GC:They are clearly linked, no?
DR:It was an emotive way of saying . . . but I think he knew we had organised a review of the process so we knew it was suboptimal. We will be releasing a new process around how the [HIA case] reviews are done. We will be incorporating independence in those review processes. Willie was only saying what we knew and had already moved on it.
GC:Can you give us more information on that?
DR:There will be a big focus on continued education and a review of the process with independents involved at a number of different levels.
GC:We have seen that the review process in HIA cases is not working . . .
DR: No, that’s not right. A couple of them have not worked. Look at the data, we have had over 2,500 HIAs done and we have had probably five review processes of which some of them haven’t been optimal.
GC: You have previously stated the HIA is working to “identify which players should be permanently removed from the field of play or temporarily” but we are seeing players go off, come back on and still have concussion issues thereafter (like Beauden Barrett and George North). Is the effectiveness of the HIA in question?
DR: You have to step back and look at the numbers. They are isolated incidents and I accept with some of them there have been compliance issues and with some of them [the HIA] hasn’t picked up concussion.
But go back to the critics and they will tell you there is no perfect system for diagnosing concussion, anywhere, not the sideline or the office.
Is it working? Why did we bring in the HIA? We wanted to bring in a recognition of concussion and improve the sideline management of concussion. The data now shows us that the recognition of concussion on the field of play since 2012 has increased four times. Is it perfect? Of course not.
If anybody can give me the magic bullet I will take it with open arms. There is no perfect diagnostic test. We know it’s flawed but what can we do? We’ve got to use what’s best available.
Do these people want to go back to what we had before? Do they want to leave over half the people with concussion on the field? Do they want to go back to not even recognising three out of four people with a concussive episode. We recognise more and manage these people better. It is all about improving. It is not perfect.
GC: In October Frans Steyn was red carded for a high tackle on Johnny Sexton. As Leinster coach Leo Cullen stated that night: “Johnny breezed through the HIA” and returned to the field within five minutes. Is it possible to conduct a HIA in four minutes?
DR: That is a compliance issue. No, I’m happy to say four minutes is not enough time to complete the HIA properly.

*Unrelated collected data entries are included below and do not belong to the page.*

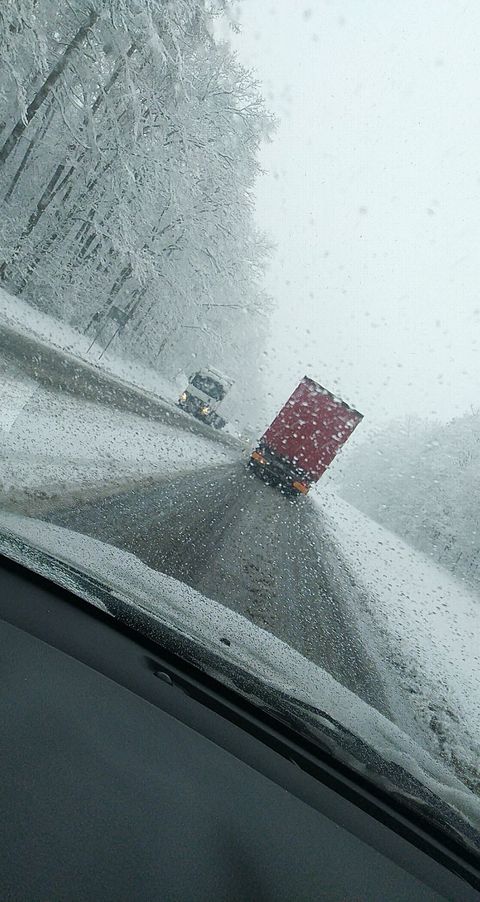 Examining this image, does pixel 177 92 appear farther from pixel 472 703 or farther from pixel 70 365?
pixel 472 703

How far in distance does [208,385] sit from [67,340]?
12366 millimetres

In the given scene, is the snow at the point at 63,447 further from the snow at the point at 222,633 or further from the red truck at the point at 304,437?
the red truck at the point at 304,437

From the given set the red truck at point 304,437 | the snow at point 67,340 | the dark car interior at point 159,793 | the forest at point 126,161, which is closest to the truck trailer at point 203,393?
the snow at point 67,340

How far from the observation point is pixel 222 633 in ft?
12.8

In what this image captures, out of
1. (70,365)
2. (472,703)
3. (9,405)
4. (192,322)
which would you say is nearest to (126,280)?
(192,322)

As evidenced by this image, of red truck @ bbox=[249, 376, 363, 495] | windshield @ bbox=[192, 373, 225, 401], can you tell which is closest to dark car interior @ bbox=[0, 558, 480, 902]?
red truck @ bbox=[249, 376, 363, 495]

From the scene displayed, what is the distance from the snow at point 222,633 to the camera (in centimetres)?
303

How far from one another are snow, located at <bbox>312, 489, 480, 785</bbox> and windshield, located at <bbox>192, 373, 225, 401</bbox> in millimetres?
13732

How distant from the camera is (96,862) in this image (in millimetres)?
1631

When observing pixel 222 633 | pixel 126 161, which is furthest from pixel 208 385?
pixel 222 633

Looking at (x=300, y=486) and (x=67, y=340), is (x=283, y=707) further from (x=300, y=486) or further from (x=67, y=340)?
(x=67, y=340)

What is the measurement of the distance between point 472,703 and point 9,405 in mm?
7741

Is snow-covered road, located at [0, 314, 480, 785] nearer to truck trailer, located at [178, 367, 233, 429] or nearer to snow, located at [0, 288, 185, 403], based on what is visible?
snow, located at [0, 288, 185, 403]

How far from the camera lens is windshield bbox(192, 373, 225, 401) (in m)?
32.7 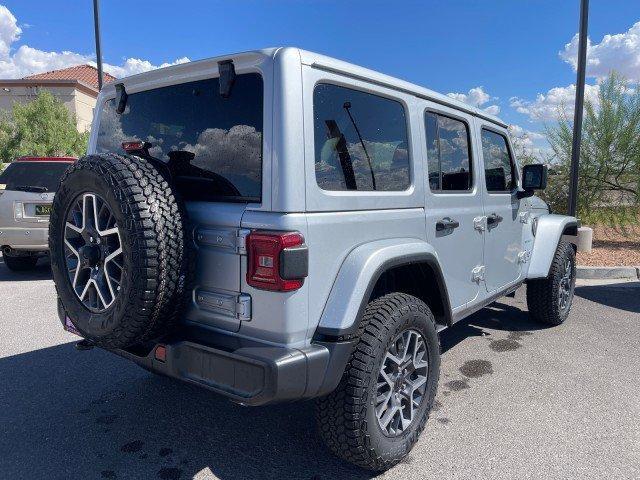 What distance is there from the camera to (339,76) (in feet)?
7.68

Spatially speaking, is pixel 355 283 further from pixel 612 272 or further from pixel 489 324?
pixel 612 272

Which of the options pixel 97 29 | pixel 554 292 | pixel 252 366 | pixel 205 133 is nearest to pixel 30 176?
pixel 97 29

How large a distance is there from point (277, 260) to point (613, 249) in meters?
9.28

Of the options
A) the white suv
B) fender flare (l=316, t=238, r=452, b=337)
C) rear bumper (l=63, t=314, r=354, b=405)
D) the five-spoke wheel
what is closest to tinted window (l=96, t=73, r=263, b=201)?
the five-spoke wheel

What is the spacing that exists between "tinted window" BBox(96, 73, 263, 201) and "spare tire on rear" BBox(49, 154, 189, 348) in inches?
8.4

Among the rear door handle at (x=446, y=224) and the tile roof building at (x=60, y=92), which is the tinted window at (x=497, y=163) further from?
the tile roof building at (x=60, y=92)

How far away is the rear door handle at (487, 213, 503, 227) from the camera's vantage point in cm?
358

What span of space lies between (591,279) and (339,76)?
261 inches

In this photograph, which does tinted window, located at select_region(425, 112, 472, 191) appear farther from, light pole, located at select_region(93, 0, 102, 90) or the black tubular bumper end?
light pole, located at select_region(93, 0, 102, 90)

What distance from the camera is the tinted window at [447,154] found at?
3.03 m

GC: This feeds into the tackle law. Last year World Rugby examined the tackle technique, where are the rule makers currently on this issue?

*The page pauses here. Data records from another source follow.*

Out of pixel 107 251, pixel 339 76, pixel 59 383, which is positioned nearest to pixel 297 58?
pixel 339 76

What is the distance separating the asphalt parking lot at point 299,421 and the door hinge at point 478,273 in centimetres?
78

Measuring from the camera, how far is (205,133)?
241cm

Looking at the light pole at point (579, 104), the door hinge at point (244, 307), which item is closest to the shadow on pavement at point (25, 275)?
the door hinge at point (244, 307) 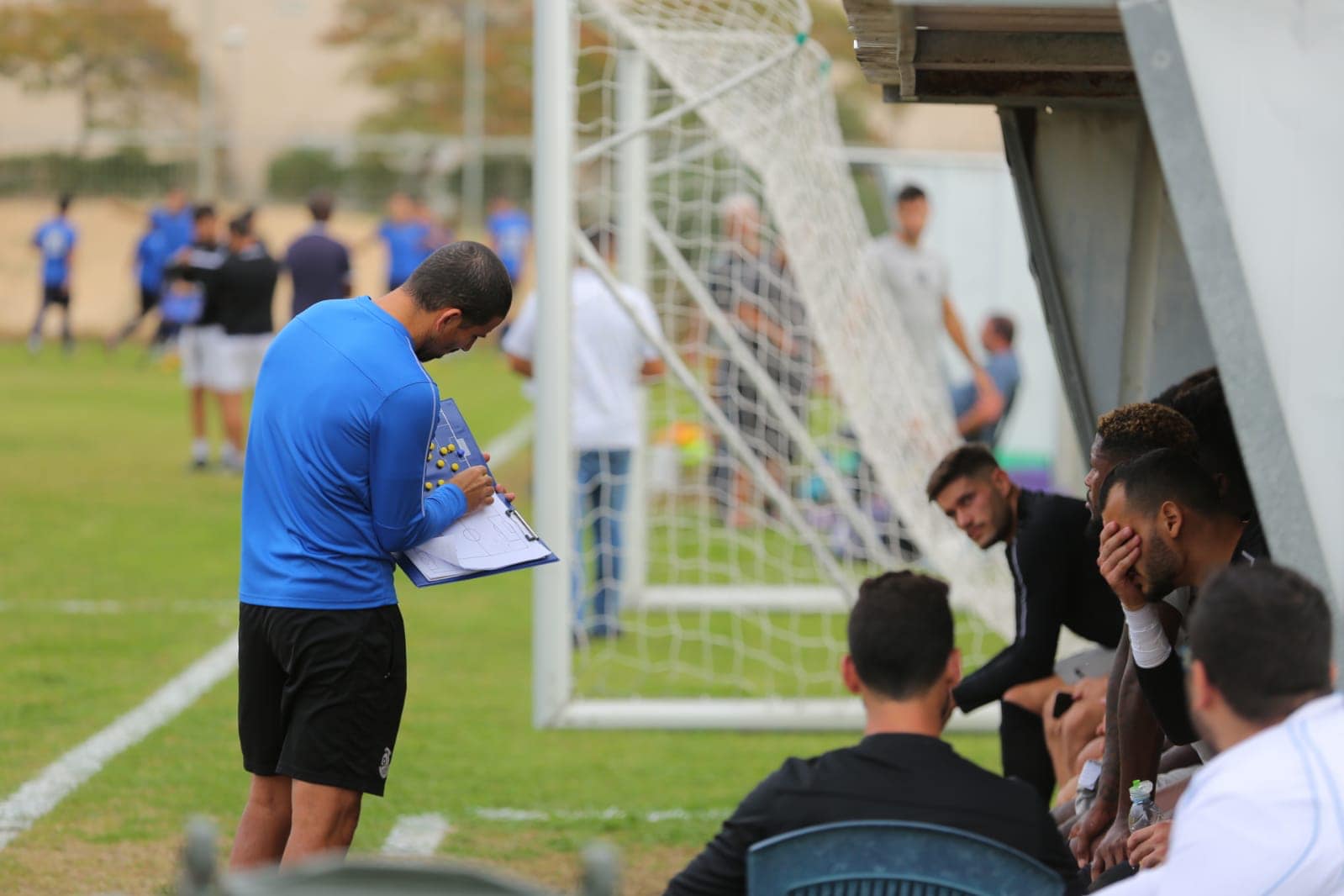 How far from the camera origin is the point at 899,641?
3.06 m

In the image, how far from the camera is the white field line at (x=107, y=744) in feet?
19.5

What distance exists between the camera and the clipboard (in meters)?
4.21

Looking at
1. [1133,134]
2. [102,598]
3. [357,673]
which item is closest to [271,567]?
[357,673]

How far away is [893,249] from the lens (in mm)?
12359

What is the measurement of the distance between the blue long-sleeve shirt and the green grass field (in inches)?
61.1

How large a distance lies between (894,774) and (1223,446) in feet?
5.98

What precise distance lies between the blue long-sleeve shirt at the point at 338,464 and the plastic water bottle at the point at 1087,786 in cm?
173

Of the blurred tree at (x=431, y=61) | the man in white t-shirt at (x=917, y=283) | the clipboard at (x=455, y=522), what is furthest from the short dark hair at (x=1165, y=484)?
the blurred tree at (x=431, y=61)

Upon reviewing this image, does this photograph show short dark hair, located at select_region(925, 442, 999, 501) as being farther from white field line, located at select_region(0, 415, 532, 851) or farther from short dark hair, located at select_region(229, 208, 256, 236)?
short dark hair, located at select_region(229, 208, 256, 236)

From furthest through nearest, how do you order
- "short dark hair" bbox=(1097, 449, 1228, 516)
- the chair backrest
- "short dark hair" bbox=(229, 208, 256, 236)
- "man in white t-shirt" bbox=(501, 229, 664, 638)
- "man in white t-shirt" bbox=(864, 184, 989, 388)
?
"short dark hair" bbox=(229, 208, 256, 236)
"man in white t-shirt" bbox=(864, 184, 989, 388)
"man in white t-shirt" bbox=(501, 229, 664, 638)
"short dark hair" bbox=(1097, 449, 1228, 516)
the chair backrest

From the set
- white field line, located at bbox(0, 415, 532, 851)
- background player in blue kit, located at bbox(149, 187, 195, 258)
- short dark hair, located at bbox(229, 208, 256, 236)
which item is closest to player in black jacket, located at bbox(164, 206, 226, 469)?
short dark hair, located at bbox(229, 208, 256, 236)

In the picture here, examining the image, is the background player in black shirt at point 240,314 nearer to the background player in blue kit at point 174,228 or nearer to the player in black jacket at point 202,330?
the player in black jacket at point 202,330

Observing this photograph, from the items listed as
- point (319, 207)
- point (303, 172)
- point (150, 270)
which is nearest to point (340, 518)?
point (319, 207)

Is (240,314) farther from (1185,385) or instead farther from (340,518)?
(1185,385)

DR: There was an increase in sanctioning for high tackles. The number of yellow and red cards has more than doubled. There were zero red cards for high tackles in the first three months of 2016, in the first three months of 2017 there were six.

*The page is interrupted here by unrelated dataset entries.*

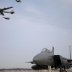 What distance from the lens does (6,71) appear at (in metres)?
28.2

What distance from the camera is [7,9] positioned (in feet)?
63.7

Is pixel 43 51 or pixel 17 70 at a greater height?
pixel 43 51

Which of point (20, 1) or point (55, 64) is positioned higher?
point (20, 1)

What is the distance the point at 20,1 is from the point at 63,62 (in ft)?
27.0

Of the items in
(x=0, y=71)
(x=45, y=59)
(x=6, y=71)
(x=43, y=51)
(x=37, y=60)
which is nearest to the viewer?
(x=37, y=60)

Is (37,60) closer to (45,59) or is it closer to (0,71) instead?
(45,59)

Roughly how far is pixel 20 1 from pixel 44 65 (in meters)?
6.59

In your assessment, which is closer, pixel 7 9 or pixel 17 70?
pixel 7 9

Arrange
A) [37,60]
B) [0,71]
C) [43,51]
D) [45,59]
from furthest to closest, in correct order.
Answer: [0,71] < [43,51] < [45,59] < [37,60]

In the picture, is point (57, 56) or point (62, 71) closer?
point (57, 56)

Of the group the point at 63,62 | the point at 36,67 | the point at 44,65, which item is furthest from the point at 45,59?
the point at 63,62

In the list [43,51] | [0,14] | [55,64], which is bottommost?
[55,64]

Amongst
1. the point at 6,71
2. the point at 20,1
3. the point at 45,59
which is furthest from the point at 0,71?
the point at 20,1

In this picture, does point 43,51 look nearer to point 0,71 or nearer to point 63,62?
point 63,62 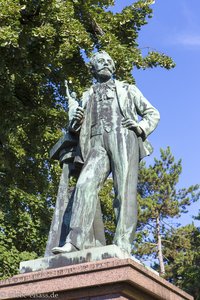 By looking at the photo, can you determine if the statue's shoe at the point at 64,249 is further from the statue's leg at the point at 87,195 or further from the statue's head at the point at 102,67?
the statue's head at the point at 102,67

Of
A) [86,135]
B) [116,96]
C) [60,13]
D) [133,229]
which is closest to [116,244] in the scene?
[133,229]

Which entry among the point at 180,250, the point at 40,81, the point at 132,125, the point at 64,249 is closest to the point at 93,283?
the point at 64,249

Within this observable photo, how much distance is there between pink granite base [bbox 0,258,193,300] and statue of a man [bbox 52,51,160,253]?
444 millimetres

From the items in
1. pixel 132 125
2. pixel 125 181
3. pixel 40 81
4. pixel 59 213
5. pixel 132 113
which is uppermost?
pixel 40 81

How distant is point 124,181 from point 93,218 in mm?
485

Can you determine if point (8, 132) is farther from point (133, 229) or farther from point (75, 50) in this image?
point (133, 229)

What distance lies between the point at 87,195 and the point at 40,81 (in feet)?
26.8

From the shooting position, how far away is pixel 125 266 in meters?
4.82

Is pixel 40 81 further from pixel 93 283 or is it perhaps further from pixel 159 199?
pixel 159 199

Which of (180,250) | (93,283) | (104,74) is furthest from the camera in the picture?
(180,250)

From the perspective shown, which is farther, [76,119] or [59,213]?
[76,119]

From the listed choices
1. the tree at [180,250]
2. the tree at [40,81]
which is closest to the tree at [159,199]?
the tree at [180,250]

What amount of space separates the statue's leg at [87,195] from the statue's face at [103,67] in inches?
36.9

With the technique [tackle law] we wanted to get the best people in the world, and they are the elite defensive coaches, so there has been a delay as we wanted to gather information on what tackle is the poorest technique. We have go that information now and we will be having a working group come together in September. It is more difficult than we thought to get the experts together but that is going ahead.
GC: Finally, just going back to something Dr Omlau said; we are potentially going to see similar damage to the brains of rugby players as he witnessed in deceased NFL players, and that “society will suffer if we do not protect the intellect of our children by shielding them from contact sports.” On medical and ethical grounds do you disagree with what he is saying?
DR: I’ll point you back to bike injuries. There are far more bike injuries, four out of five presentations to casualties are not sports related. I’m not denying that head injuries are important. As a sport we need to minimise the risk in a systematic and, what I believe, in an appropriate way by raising awareness, improve recognition and move on to preventing injuries. We can never eliminate the risk.